### [Aim of the task]
All of the data below should be printed again word for word, pictures excluded.

### [Given data]
■ ■ ■ ■ ■ ■ ■

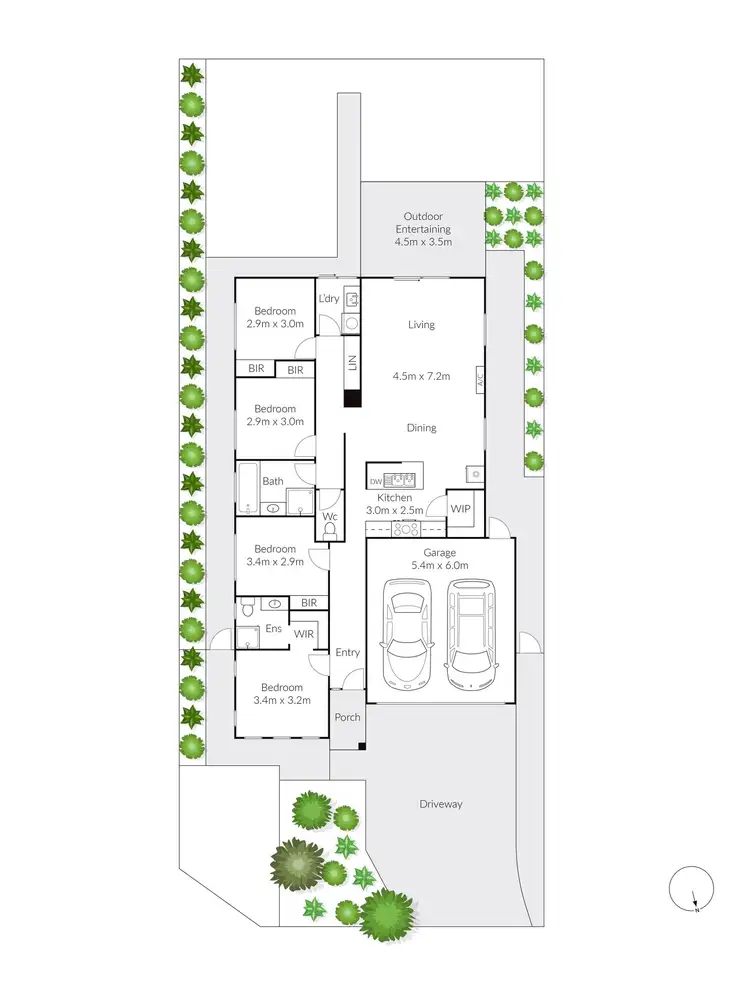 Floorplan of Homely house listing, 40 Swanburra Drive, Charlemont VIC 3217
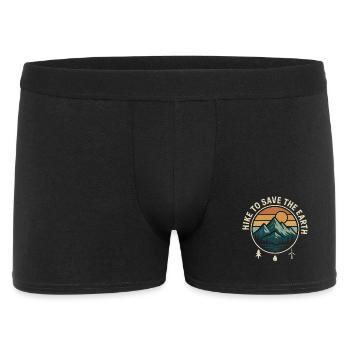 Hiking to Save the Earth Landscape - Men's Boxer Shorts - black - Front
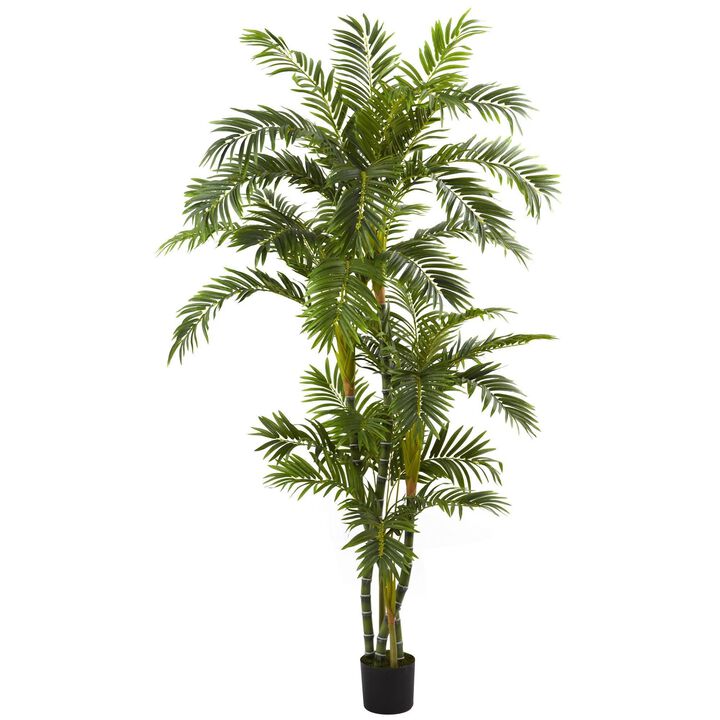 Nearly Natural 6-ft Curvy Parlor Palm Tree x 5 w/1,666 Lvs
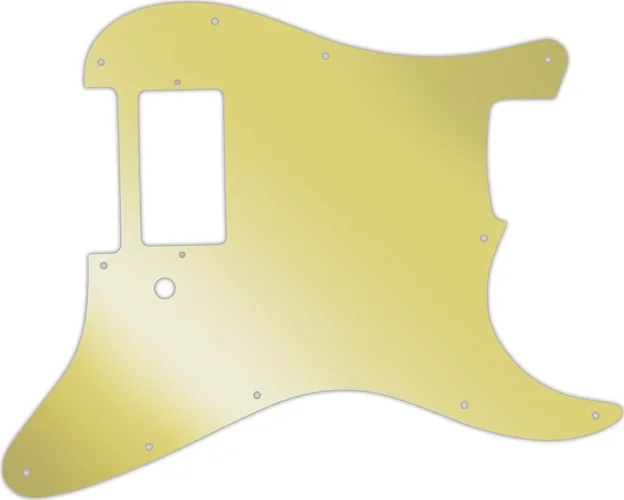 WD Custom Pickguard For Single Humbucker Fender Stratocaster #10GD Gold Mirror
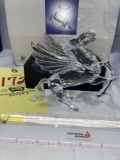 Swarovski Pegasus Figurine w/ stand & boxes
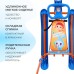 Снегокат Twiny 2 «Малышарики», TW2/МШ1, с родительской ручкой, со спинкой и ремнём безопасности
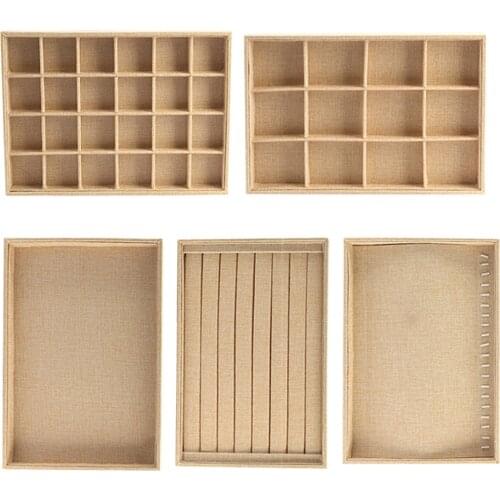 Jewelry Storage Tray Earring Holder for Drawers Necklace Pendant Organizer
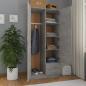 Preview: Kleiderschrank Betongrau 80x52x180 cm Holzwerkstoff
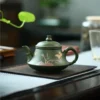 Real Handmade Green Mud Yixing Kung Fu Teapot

■ ■ ■ ■ ■ ■ ■

### [Response to the exercise]
 Floorplan of Homely house listing, 40 Swanburra Drive, Charlemont VIC 3217
 Hiking to Save the Earth Landscape - Men's Boxer Shorts - black - Front
 Nearly Natural 6-ft Curvy Parlor Palm Tree x 5 w/1,666 Lvs
 WD Custom Pickguard For Single Humbucker Fender Stratocaster #10GD Gold Mirror
 Swarovski Pegasus Figurine w/ stand & boxes
 Снегокат Twiny 2 «Малышарики», TW2/МШ1, с родительской ручкой, со спинкой и ремнём безопасности
 Jewelry Storage Tray Earring Holder for Drawers Necklace Pendant Organizer
 Preview: Kleiderschrank Betongrau 80x52x180 cm Holzwerkstoff
 Real Handmade Green Mud Yixing Kung Fu Teapot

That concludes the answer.